Re: [HACKERS] Re: Cancel key now ready - Mailing list pgsql-hackers

From Tom Lane
Subject Re: [HACKERS] Re: Cancel key now ready
Date
Msg-id 11552.897337110@sss.pgh.pa.us
Whole thread Raw
In response to Re: [HACKERS] Re: Cancel key now ready  (Bruce Momjian <maillist@candle.pha.pa.us>)
Responses Re: [HACKERS] Re: Cancel key now ready  (Bruce Momjian <maillist@candle.pha.pa.us>)
Re: [HACKERS] Re: Cancel key now ready  (Bruce Momjian <maillist@candle.pha.pa.us>)
List pgsql-hackers
Bruce Momjian <maillist@candle.pha.pa.us> writes:
> I thought about this.  I can force a re-seeding of random in the
> backend on first use.

No you can't; you might make PostmasterRandom behave that way, but
that doesn't stop an installed function from just calling random()
directly.  You really need to wipe out the state saved by the random
library function.

> Could re-seed on every
> startup, but again, could be an expensive function.

srandom() is generally not much more than a store into a
static variable.  If there's anything expensive about this,
it'd be the gettimeofday() call to produce the new seed value.

> If they have access the backend address space, they can see the entire
> postmaster backend structure at time of fork(), so seeing the seed is
> meanless.

That's a good point --- in particular, they could trace the postmaster
backend-process list to find out everyone else's cancel keys.  This
sort of thing is one of the disadvantages of not using an exec().

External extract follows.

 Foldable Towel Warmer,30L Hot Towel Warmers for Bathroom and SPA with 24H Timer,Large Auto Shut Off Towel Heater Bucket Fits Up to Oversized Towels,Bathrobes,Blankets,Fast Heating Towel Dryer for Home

What do you think of freeing that process list as part of backend startup?

> Basically, for any user who is installing their own functions
> or stuff is already able to do more severe damage than just cancel.
> They can write directly into the database.

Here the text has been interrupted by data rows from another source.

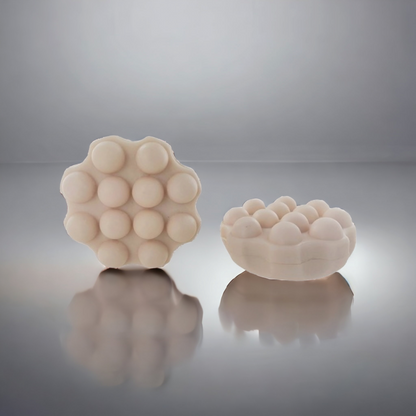 Shampoing solide naturel avec picots de massage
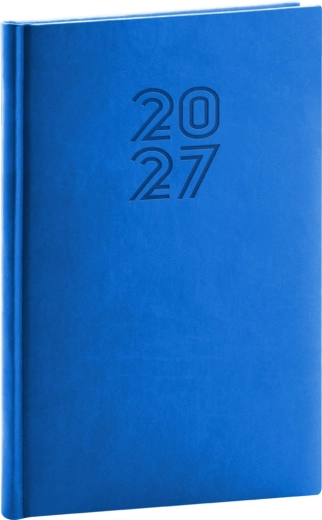 Notique tygodniowy terminarz Aprint 2027 niebieski 15 × 21 cm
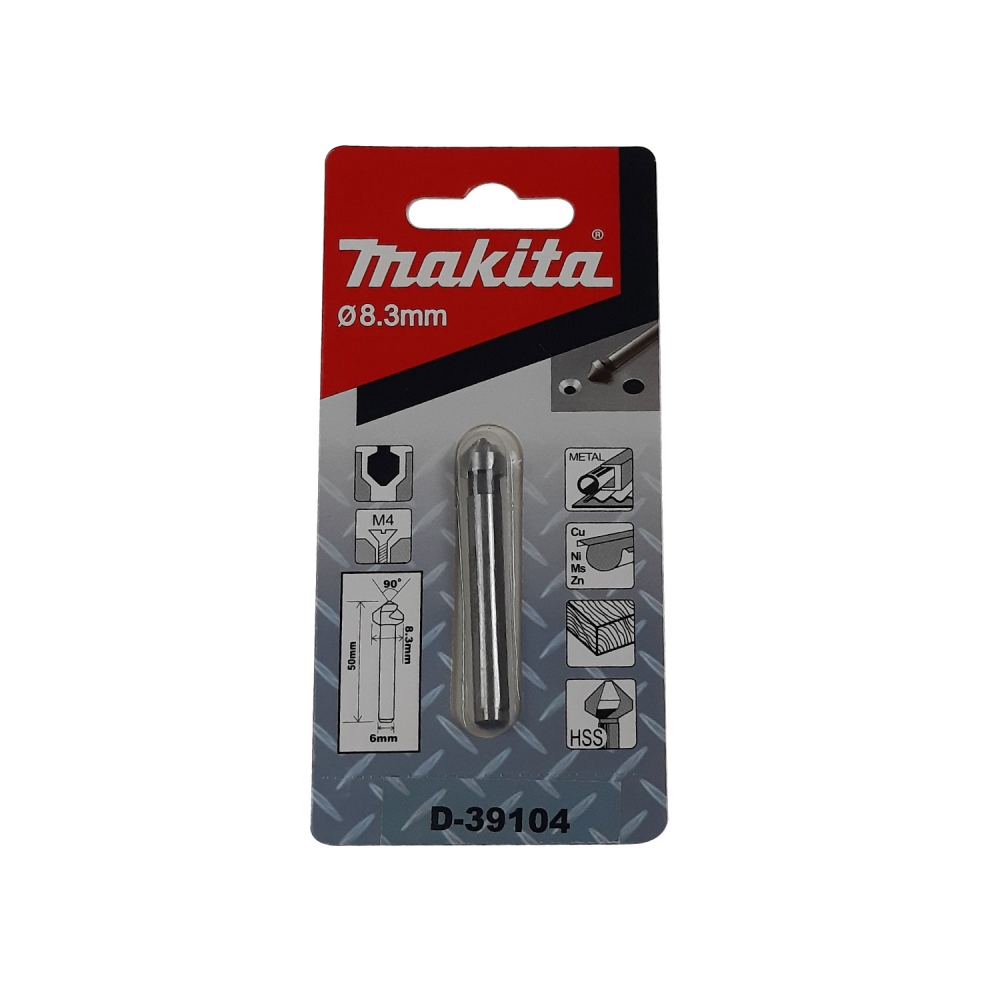 D-39104 ดอก Countersink 8.3x50mm 3 คม 90 องศา (M4)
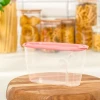 МП1220 Емкость для сыпучих продуктов 0.9л  ягодный (ООО"М-ПЛАСТИКА")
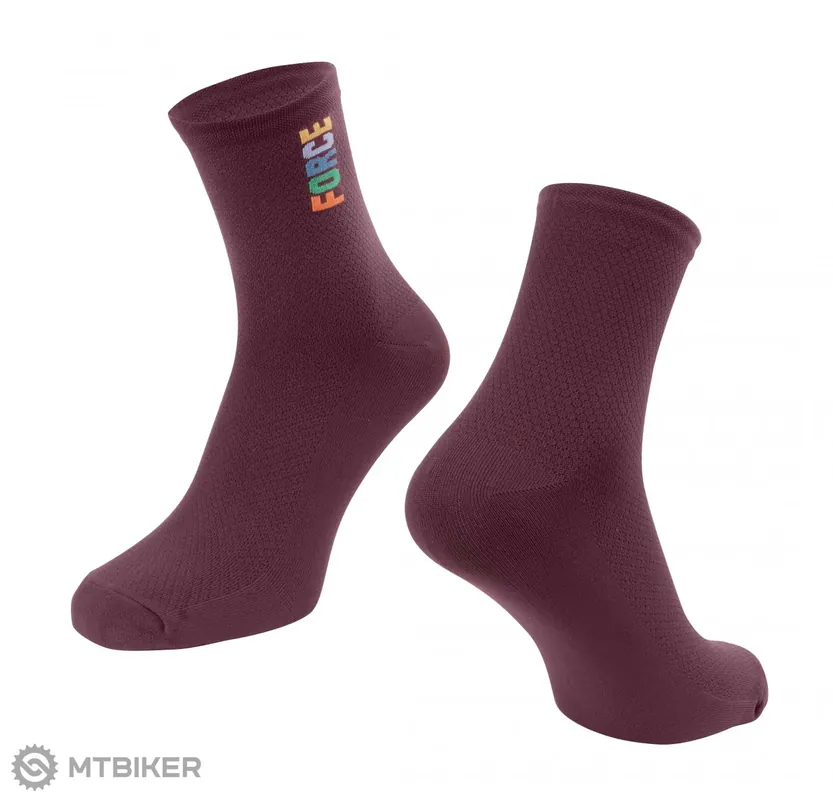 FORCE Colour ponožky, vínová Dokud Zásoby Vydrží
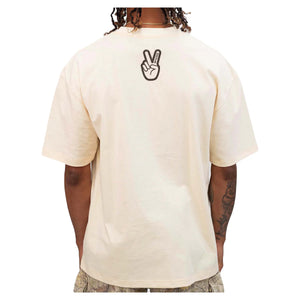 Deuce Cream Peace Hand Mens T-Shirt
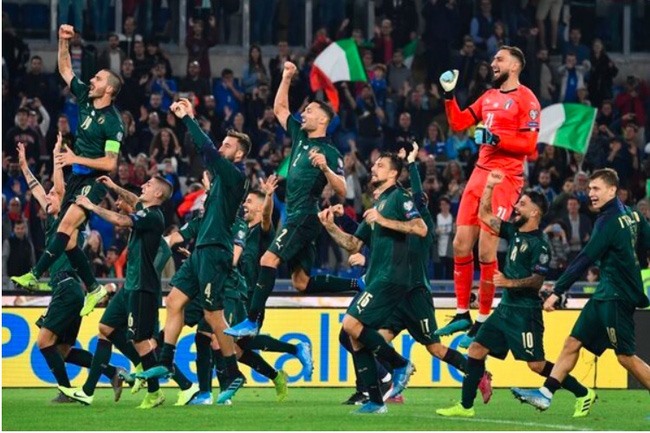 Đội tuyển Italia được đánh giá cao nhất bảng A. Ảnh: AFP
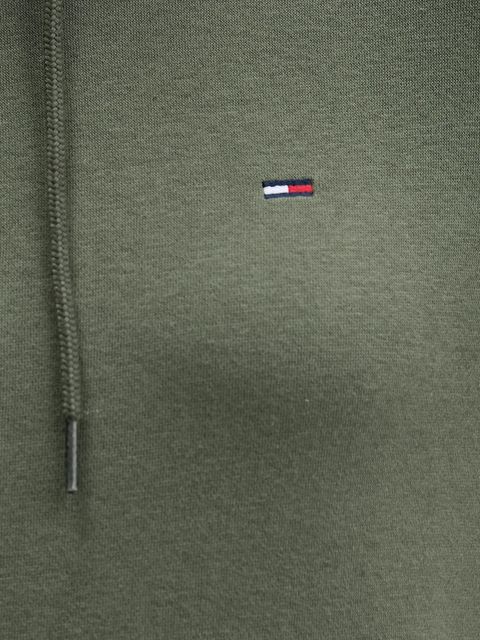 Tommy Jeans bluza damska kolor zielony z kapturem gładka DW0DW19958 - zdjęcie produktu nr 2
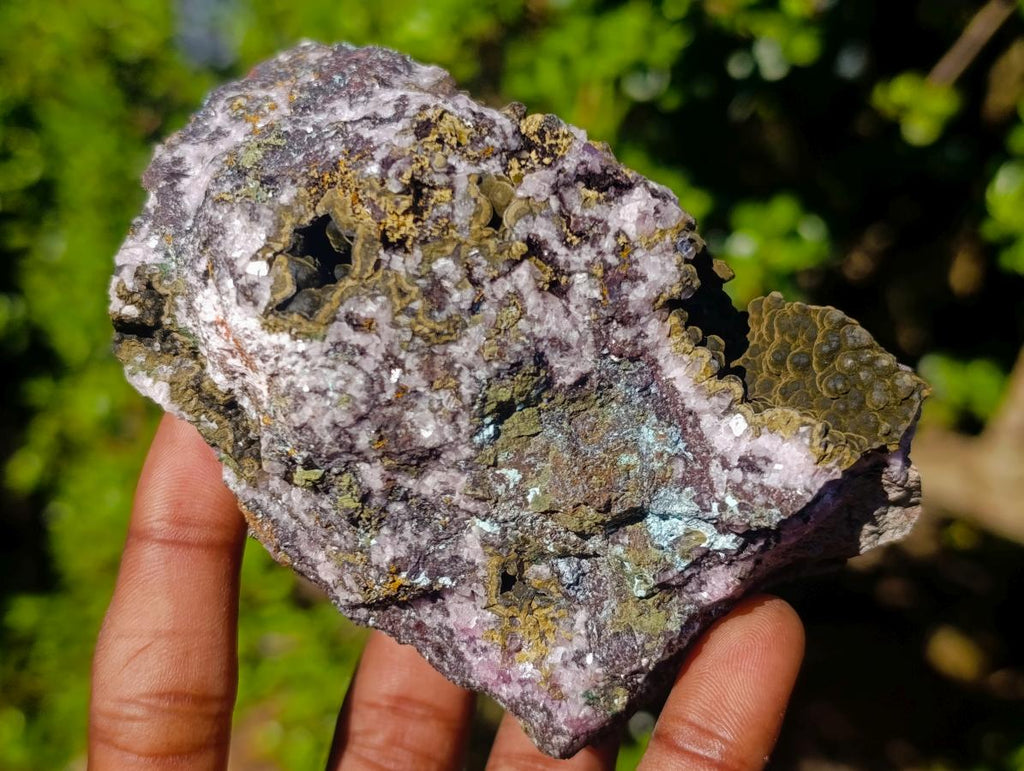 Natural Super Rare Kolwezite and Pink Cobalt Calcite on Dolomite Specimen x 1 From Congo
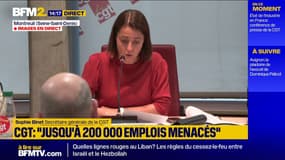 CGT: Sophie Binet alerte sur un "danger grave et imminent" pour l'industrie française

That's certainly true ... but last week we were trying to make the
cancel protocol proof against someone with the ability to spy on
TCP packets in transit (which is not that easy) and now you seem
to be unworried about attacks that only require loading a function
into one of the backends.  I'd prefer to do whatever we can easily
do to defend against that.

>> * fflush before forking, to eliminate double-buffering problems
>> between postmaster and backends.

> Can you elaborate on what this fixes?

I have not seen any failure cases, if that's what you mean; but I
haven't yet done anything with the new no-exec code.  The risk is
that if any data is waiting in a postmaster stdio output buffer,
it will eventually get written twice, once by the postmaster and
once by the backend.  You want to flush it out before forking
to ensure that doesn't happen.  This wasn't an issue before with
the exec-based code, because the child process' copy of the postmaster's
stdio buffers got thrown away when the exec() occurred.  With no
exec, the unflushed buffers are still there and still valid as far
as the stdio library in the child knows.

> The code is similar to taking a random() and doing:
>     rand % 10
>     (rand / 10) % 10
> which for a random of 123456 returns 6 and 5.  In the postmaster case
> the values are 62 and not 10, but the concept is the same.  No reason to
> call random() twice.  May be an expensive function on some platforms.

It's not that expensive (you were doing it twice before, with no visible
problem).  I'm concerned that the new way exposes more info about the
current state of the postmaster's random sequence.  For that matter,
I'm probably going to want to change the computation of the cancel key
later on --- the code I just sent in was only
    MyCancelKey = PostmasterRandom();
but I think it would be better to synthesize the cancel key from
fragments of a couple of random values.  This code will do to get the
protocol working but I don't think it's cryptographically secure.